Indian workers reach $20 million settlement with US shipbuilder
Washington, July 16: More than 200 guest workers from India agreed to a $20 million deal to settle their lawsuits against Mobile, Alabama-based shipbuilder Signal International, according to the workers' lawyers.
The announcement comes five months after a New Orleans jury awarded a group of five workers $14 million in a federal lawsuit that alleged workers were lured to work for Signal after Hurricane Katrina with false promises of green cards and permanent US residency.
Signal will also issue an apology to guest workers who also sued in Texas and Louisiana, the Southern Poverty Law Centre, a legal advocacy organisation that filed a case for the workers said.

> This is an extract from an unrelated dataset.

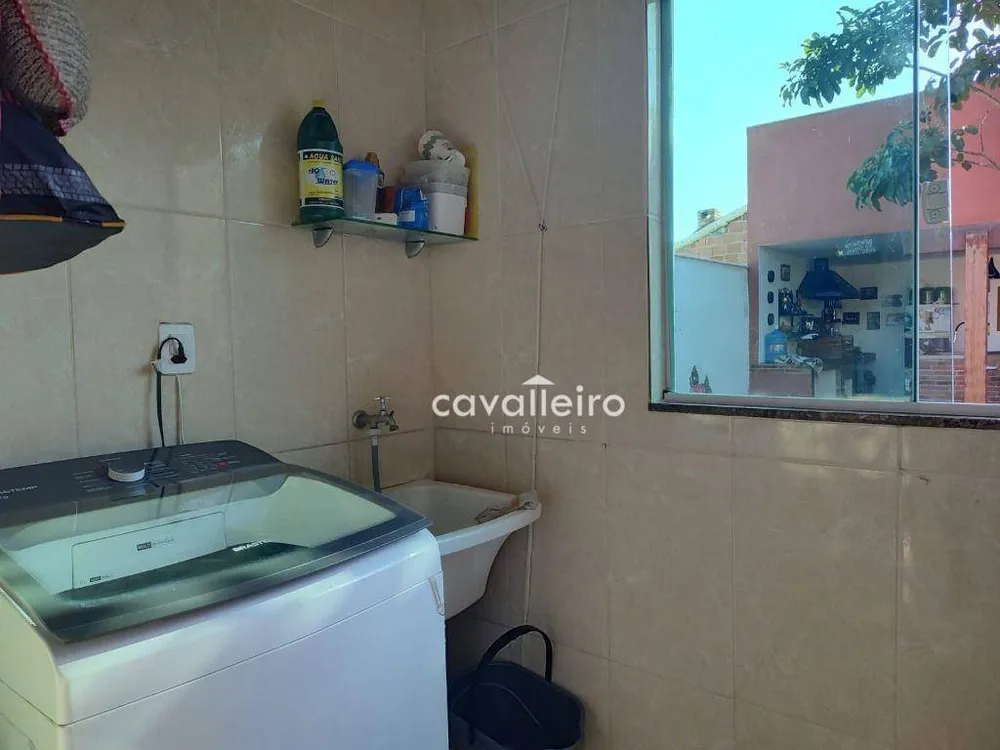 Casa de Condomínio, 4 quartos - Foto 35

The agreement, if approved by the US Bankruptcy Court, would resolve the 11 lawsuits still facing the company, which has filed for Chapter 11 bankruptcy protection.
Those lawsuits represent more than 200 workers with the same claims as those of the workers in the successful SPLC lawsuit tried earlier this year.
In the aftermath of Hurricane Katrina, Signal used the US government's H-2B guest worker programme to import nearly 500 men from India to work as welders, pipefitters and in other positions to repair damaged oil rigs and related facilities, SPLC said.
The workers each paid the labour recruiters and a lawyer between $10,000 and $20,000 or more in recruitment fees and other costs after recruiters promised good jobs, green cards and permanent US residency for them and their families.
Most sold property or plunged their families deeply into debt to pay the fees, SPLC said.